As a comic book enthusiast, I rarely feel anything besides envy for the artists and writers. However, in the context of the movie Her, I am awash with a mixture of pity and excitement for the creative team behind Alex + Ada. I do not envy Jonathan Luna and Sarah Vaughn the inconceivable burden of comparison with an award nominated, critically acclaimed film with a premise similar to their series, released in the middle of their first story arc. No combination of storytelling and artwork will be truly competitive against Joaquin Phoenix in a long steady shot or against Scarlet Johansson’s breathy voice.
Without significant spoilers, Her, from director Spike Jonze, tells the story of recently divorced Theodore who is reluctant to begin dating again. He is a lonely sort of melancholy fellow. He lives in a near future with a general aesthetic and thoughtful design that has been praised by film critics continuously for the last month. Without significant drama, Theodore downloads a new operating system for his… phone, computer, life, everything, with a cutting edge artificial intelligence marketed as unique for its ability to grow and learn after calibration to satisfy your unspoken needs. Theodore inspires his operating system, Samantha, and she returns the favor.
The premise of Alex + Ada is strikingly familiar, down to the vaguely gloomy protagonist, the slightly stiff postures in the artwork that emphasize the stilted interactions of the human characters, and the rising tension about legitimacy of human and artificial android interactions.

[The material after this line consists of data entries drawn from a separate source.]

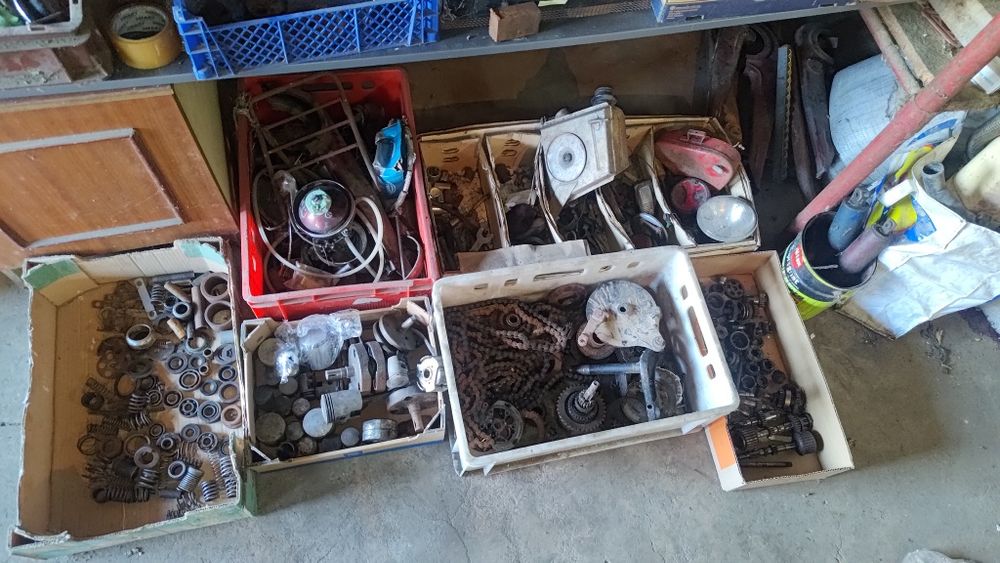 Mix garażowy Części wsk mz komar java simson wfm ogar  panonia  shl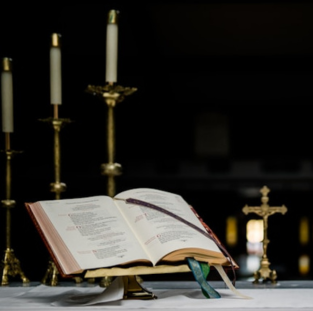 Aplicativo para ouvir a Bíblia católica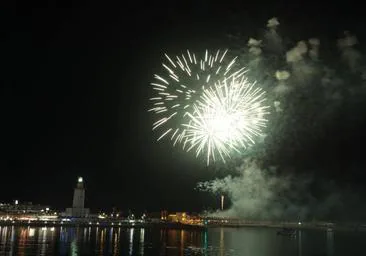 Noche de fuegos artificiales en el puerto de Málaga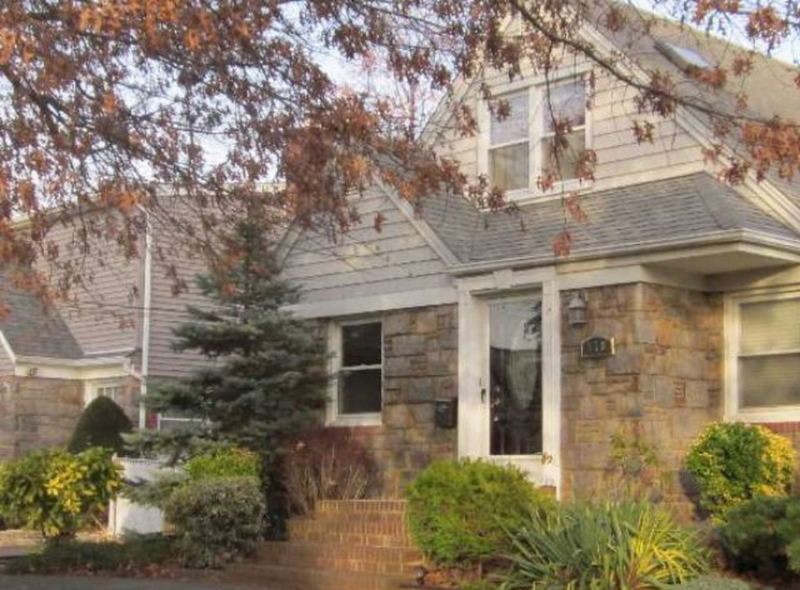 178 Euston Rd S - Photo 3 of 10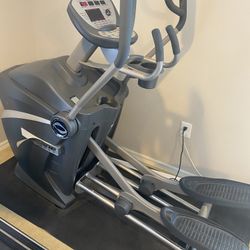 OCTANE Q45e ELLIPTICAL / CROSS TRAINER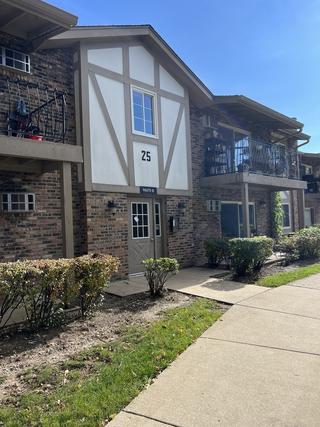 9s070 S Frontage Rd. #25-206, Willowbrook, IL 60527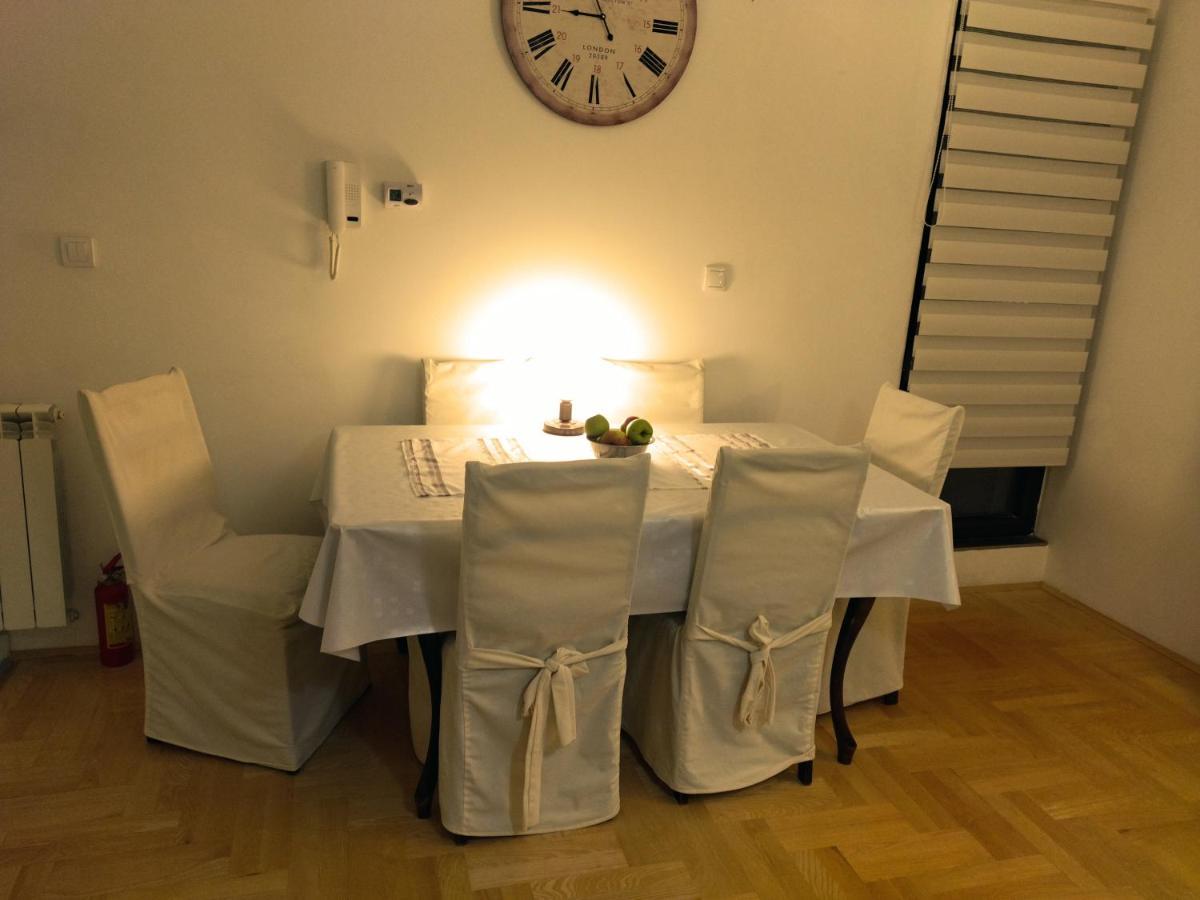 Apartman Gana Altina Lux Белград Екстер'єр фото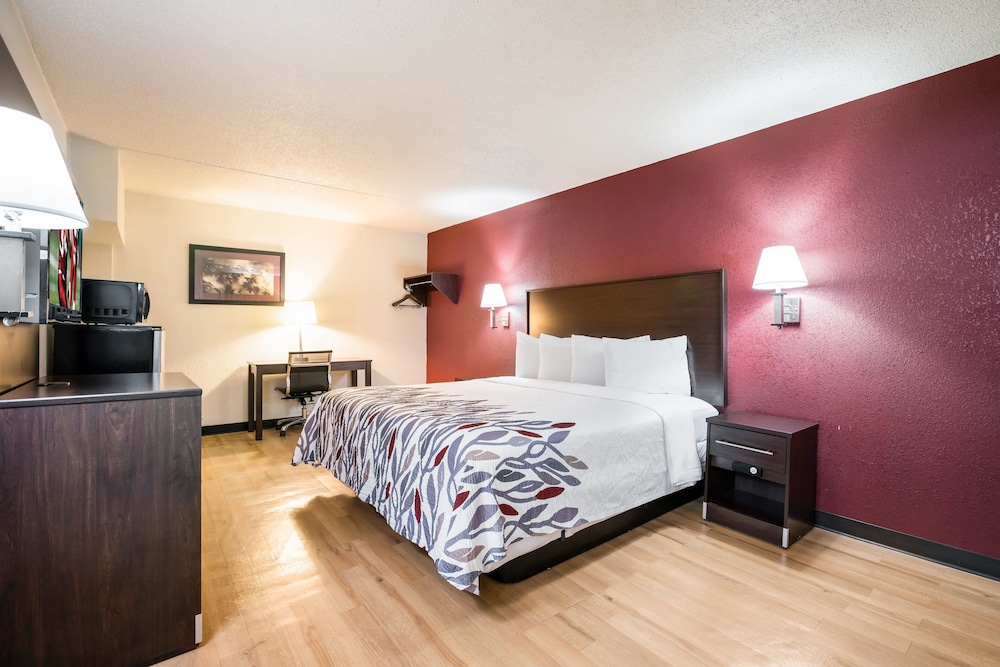 Business Room, 1 King Bed, Smoking, Kitchenette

For me, the film, Her, shines brightest in its casual pacing and nearly neutral presentation of the near future. So often, science fiction tends towards action laced stories of rebellion against explicit corruption in order to emphasize humanist themes. Alex + Ada seems to fall somewhere in the middle of this scale I’ve proposed, halfway between Minority Report and Her, in a realm where measured pacing combines with actual details and descriptions of the how’s and why’s of the world.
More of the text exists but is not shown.